Urbannews_Salatiga | Ada satu hal yang sering dilupakan oleh kita-kita yang merasa punya kemampuan berkarya. Kita kerap menjadi ragu-ragu atau malah tidak melakukan apapun, karena omongan orang yang membuat kita nglokro. Saya belajar satu hal: “hancurkan” apapun yang melemahkan, tetap kreatif dengan membuat karya apapun yang kita suka. Pemikir berpikirlah, penulis menulislah, dan musisi berkaryalah dengan musikmu. Titik.
Berkarya dalam ruang kreatif yang saya maksud adalah keberanian musisi untuk mencoba sesuatu yang baru, tak mengapa terkesan nyempal tapi asik. Kadang ide-ide kreatif seperti “menabrak pakem” yang tertuang dalam buku. Sedikit nyeleneh, nekat atau main tabrak tak mengapa. Musisi memang bertebaran, tak semua jadi pengekor, karena tidak sedikit yang jadi trendsetter.
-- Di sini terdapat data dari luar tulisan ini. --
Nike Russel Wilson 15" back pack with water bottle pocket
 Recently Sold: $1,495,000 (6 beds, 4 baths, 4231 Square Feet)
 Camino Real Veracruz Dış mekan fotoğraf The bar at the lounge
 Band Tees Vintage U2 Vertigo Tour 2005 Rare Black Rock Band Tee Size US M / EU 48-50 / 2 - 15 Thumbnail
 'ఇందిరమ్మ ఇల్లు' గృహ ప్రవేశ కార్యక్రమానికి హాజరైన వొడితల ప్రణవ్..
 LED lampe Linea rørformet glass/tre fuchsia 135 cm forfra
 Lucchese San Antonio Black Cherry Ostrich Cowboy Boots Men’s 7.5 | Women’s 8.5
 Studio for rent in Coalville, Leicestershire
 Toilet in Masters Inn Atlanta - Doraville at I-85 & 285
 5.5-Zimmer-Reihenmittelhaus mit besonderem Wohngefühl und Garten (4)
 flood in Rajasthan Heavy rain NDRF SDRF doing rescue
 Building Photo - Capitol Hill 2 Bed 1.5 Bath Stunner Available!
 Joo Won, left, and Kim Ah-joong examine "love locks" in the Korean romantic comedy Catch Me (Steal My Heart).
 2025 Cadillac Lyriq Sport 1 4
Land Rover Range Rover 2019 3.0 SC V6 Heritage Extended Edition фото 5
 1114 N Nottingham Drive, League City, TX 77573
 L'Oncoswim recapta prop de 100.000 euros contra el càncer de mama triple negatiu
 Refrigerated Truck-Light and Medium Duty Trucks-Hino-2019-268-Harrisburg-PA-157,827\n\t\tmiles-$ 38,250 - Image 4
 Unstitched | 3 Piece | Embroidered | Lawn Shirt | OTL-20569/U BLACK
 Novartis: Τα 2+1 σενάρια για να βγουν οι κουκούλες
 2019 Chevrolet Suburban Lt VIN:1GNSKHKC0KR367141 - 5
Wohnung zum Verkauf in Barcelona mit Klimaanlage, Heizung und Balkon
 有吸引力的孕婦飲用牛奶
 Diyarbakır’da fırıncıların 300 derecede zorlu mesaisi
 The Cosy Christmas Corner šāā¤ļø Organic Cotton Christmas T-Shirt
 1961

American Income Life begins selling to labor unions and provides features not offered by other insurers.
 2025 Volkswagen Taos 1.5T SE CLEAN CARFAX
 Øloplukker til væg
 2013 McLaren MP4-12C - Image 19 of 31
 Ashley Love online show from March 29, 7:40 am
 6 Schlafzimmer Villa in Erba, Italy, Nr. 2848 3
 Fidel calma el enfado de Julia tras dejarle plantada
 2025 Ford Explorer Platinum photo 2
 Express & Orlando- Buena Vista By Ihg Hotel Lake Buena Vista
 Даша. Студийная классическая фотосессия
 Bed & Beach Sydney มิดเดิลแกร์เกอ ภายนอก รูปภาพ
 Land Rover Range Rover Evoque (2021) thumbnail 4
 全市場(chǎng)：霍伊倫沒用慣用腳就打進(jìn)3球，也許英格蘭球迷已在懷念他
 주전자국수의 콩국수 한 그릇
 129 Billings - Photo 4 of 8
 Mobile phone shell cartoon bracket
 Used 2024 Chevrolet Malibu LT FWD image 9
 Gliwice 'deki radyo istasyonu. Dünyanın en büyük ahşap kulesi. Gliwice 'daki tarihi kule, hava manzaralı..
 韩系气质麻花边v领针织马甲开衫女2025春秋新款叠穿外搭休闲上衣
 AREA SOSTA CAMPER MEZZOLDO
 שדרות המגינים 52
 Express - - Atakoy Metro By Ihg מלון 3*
Seperti band dengan format combo quartet yang berdomisili di kota Salatiga, San.gita (baca: sanggita) sangat menarik perhatian. Mereka akan melangsungkan program mandiri yang diberi nama “Lelaku”, sebagai bentuk eksplorasi dan pengayaan pengalaman khususnya dalam bermusik.
“Lelaku menjadi cermin pemusatan niat atas sikap dan jalan yang San.gita pilih dalam bermusik. Lakoni dengan kesadaran dan niat baik, memberikan rasa dan makna positif bagi kami”, jelas Sunu tentang makna Lelaku.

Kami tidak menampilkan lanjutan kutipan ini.